Саймон, вздохнув, покачал головой. Дядюшка Уильям, художник и старый волокита, изредка, но основательно врывался в его жизнь, не упуская случая ущипнуть женскую задницу и получить деньги по необеспеченному чеку. В этих делах он не уступал тем, кто был вдвое моложе, доставляя Саймону уйму неприятностей. С большим трудом, откупаясь от него, Саймону удавалось держать его подальше от Лондона. Даже Эрнест никогда не видел его, а Кэролайн просто не знала о его существовании. Если Саймон и испытывал чувство вины, то оно уравновешивалось мыслью об общественном бедствии, которое последовало бы, вырвись дядюшка Уильям на волю из Норфолка. Саймон поискал в портфеле чековую книжку.
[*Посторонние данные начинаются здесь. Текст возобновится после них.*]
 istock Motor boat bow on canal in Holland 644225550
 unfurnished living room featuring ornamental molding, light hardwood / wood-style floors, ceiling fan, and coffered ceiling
Еще один конверт, на этот раз надписанный неизвестным аккуратным почерком.

«Дорогой Саймон.

Un grand merci за ужин. Надеюсь, в Нью-Йорке не было так ужасно, как ты представлял.

Завтра я покидаю Лондон ради Прованса и, возможно, чуточки солнышка после трех дней пребывания, словно мокрая крыса, под проливным дождем. Как ты терпишь такую погоду?

У меня есть для тебя идея, но мой письменный английский не совсем хорош. Лучше поговорим.

Bisous.

Николь».

Саймон посмотрел на часы. Час в Лондоне, два во Франции. Позвоню первым делом утром. По крайней мере, приятно поговорим, прежде чем браться за дела. Поднялся и плеснул себе еще немного виски.

Bisous. Ему нравилось. «Целую». Просмотрел оставшиеся бумаги – письмо от адвокатов Кэролайн, доклад о деловых перспективах, приглашение на симпозиум по расширению рынка мороженых цыплят. Есть над чем разыграться воображению. Зевая, побрел в спальню.